Testing the code on your own computer

I haven't quite finished yet but I figured that there may be some wild people out there that would like to try running this code locally themselves - maybe just to see it work or maybe even to get it working and then chop and change it for some new and exciting purpose!

To this end, I have some sample frames available from this video that I'm trying to fix - with varying levels of fuzziness present.
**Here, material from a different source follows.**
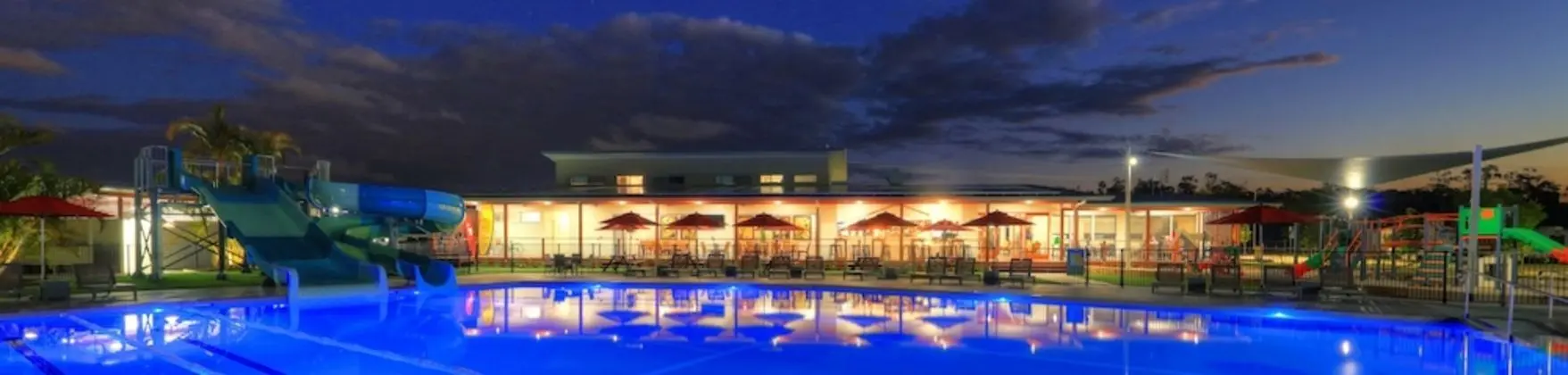 Ingenia Holidays Rivershore - Havuz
To download them, use the following method:

private static async Task EnsureSamplesAvailable(DirectoryInfo framesfolder)
{
    // Note: The GitHub API is rate limited quite severely for non-authenticated apps, so we just
    // only call use it if the framesFolder doesn't exist or is empty - if there are already files
    // in there then we presume that we downloaded them on a previous run (if the API is hit too
    // often then it will return a 403 "rate limited" response)
    if (framesfolder.Exists && framesfolder.EnumerateFiles().Any())
    {
        Console.WriteLine("Sample images have already been downloaded and are ready for use");
        return;
    }

    Console.WriteLine("Downloading sample images..");
    if (!framesfolder.Exists)
        framesfolder.Create();

    string namesAndUrlsJson;
    using (var client = new WebClient())
    {
        // The API refuses requests without a User Agent, so set one before calling (see
        // https://docs.github.com/en/rest/overview/resources-in-the-rest-api#user-agent-required)
        client.Headers.Add(HttpRequestHeader.UserAgent, "ProductiveRage Blog Post Example");
        namesAndUrlsJson = await client.DownloadStringTaskAsync(new Uri(
            "https://api.github.com/repos/" +
            "ProductiveRage/NaivePerspectiveCorrection/contents/Samples/Frames"
        ));
    }

    // Deserialise the response into an array of entries that have Name and Download_Url properties
    var namesAndUrls = JsonConvert.DeserializeAnonymousType(
        namesAndUrlsJson,
        new[] { new { Name = "", Download_Url = (Uri?)null } }
    );
    if (namesAndUrls is null)
    {
        Console.WriteLine("GitHub reported zero sample images to download");
        return;
    }

    await Task.WhenAll(namesAndUrls
        .Select(async entry =>
        {
            using var client = new WebClient();
            await client.DownloadFileTaskAsync(
                entry.Download_Url,
                Path.Combine(framesfolder.FullName, entry.Name)
            );
        })
    );

    Console.WriteLine($"Downloaded {namesAndUrls.Length} sample image(s)");
}

.. and call it with the following argument, presuming you're trying to read images from the "Frames" folder as the code earlier illustrated:

await EnsureSamplesAvailable(new DirectoryInfo("Frames"));

Filtering out intro/outro slides

So I said earlier that it would also be nice if I could programmatically identify which frames were part of the intro/outro animations of the video that I'm looking at.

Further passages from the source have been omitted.